In 1998, when congressional primaries were split from other races, just 7 percent of the state's voters turned out to select party nominees for the U.S. House.

"Do they (the other races) go forward? Do we stop everything? Primaries are expensive," said Senate Majority Leader Tony Rand, D-Cumberland.

Senate leader Marc Basnight, D-Dare, said he hoped to "avoid disruptions of our democratic process, and we will consider any options that help us work toward that goal."

Ballantine urged Democratic leaders and the state Board of Elections to set a new date in which all primaries, including legislative races, could be decided.

Questions remain about whether the state elections board can move other primary elections without a vote by the General Assembly, which isn't scheduled to convene until May 28. State elections director Gary Bartlett said he believes the board will consult with legislative leaders before taking any action.

But the order also raises the possibility that lawmakers could hold a special legislative session to address a final court ruling.

Officials at the state attorney general's office agreed Thursday's order effectively delays the legislative primaries. However, Rand and other state officials weren't willing to concede that the May 7 primaries wouldn't proceed through additional court action.

Tom Farr, a lawyer representing the Republicans, said he believes the order sends a clear signal from the state's high court that elections should be moved.

"It is obviously an extraordinary remedy and indicates that they felt an extraordinary remedy was needed," Farr said.

John Bason, a spokesman for state Attorney General Roy Cooper, said the order should not be viewed as a final ruling.

"We trust that the Supreme Court will carefully consider this case on the merits when it is argued in April," he said.

News and Observer
Primaries in doubt
By Wade Rawlins
March 7, 2002

The N.C. Supreme Court today barred the state from holding primary elections for the state House and Senate on May 7 using districts that a lower court had found to be unconstitutional.

The unanimous order, while it applies only to legislative elections, places in question whether all primary elections will be rescheduled by the state Board of Elections. It came less than a week after the end of candidate filing for the primaries.

Last month, Superior Court Judge Knox Jenkins agreed with Republicans that the legislative districts drawn by the Democrat-controlled General Assembly last year unnecessarily split counties in violation of the state Constitution.

The Supreme Court has scheduled oral arguments April 4 on the appeal of that decision. Republican plaintiffs contend that the legislature split more counties than was necessary to comply with the federal Voting Rights Act. The aim, the plaintiffs said, was to ensure Democratic control of the General Assembly.

Section 5 of the Voting Rights Act, which prohibits the dilution of minority voting strength, covers 40 North Carolina counties.
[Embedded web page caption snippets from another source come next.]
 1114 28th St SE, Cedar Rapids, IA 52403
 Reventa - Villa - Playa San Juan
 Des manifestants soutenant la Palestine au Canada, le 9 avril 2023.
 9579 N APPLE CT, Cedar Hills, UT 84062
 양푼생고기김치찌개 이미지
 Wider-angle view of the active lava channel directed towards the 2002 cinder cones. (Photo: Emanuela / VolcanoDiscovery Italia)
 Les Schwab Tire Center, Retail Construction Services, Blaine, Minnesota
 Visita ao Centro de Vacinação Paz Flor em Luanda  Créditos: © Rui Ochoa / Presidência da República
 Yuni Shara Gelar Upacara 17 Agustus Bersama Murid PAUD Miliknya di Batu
The new district maps that the General Assembly approved split 70 counties to form state House districts and split 51 counties to create Senate districts.
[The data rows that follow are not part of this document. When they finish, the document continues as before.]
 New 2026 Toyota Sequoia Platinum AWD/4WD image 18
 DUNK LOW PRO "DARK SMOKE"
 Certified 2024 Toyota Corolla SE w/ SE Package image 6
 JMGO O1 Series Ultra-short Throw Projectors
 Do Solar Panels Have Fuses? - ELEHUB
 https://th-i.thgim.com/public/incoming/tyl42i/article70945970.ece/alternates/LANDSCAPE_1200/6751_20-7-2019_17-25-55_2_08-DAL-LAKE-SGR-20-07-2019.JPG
Democratic legislators claimed that they did not have to abide by the whole counties' provision because the Justice Department objected to it 1981 and a U.S. District Court ruled in 1983 that the provision was unenforceable.

If the Supreme Court upholds the lower court decision, the General Assembly would have to return to Raleigh and redraw the districts before legislative primaries could be held.

Even with the expedited hearing schedule, the court said there may be insufficient time to resolve the issue in an orderly manner for legislative primary elections to be held in May.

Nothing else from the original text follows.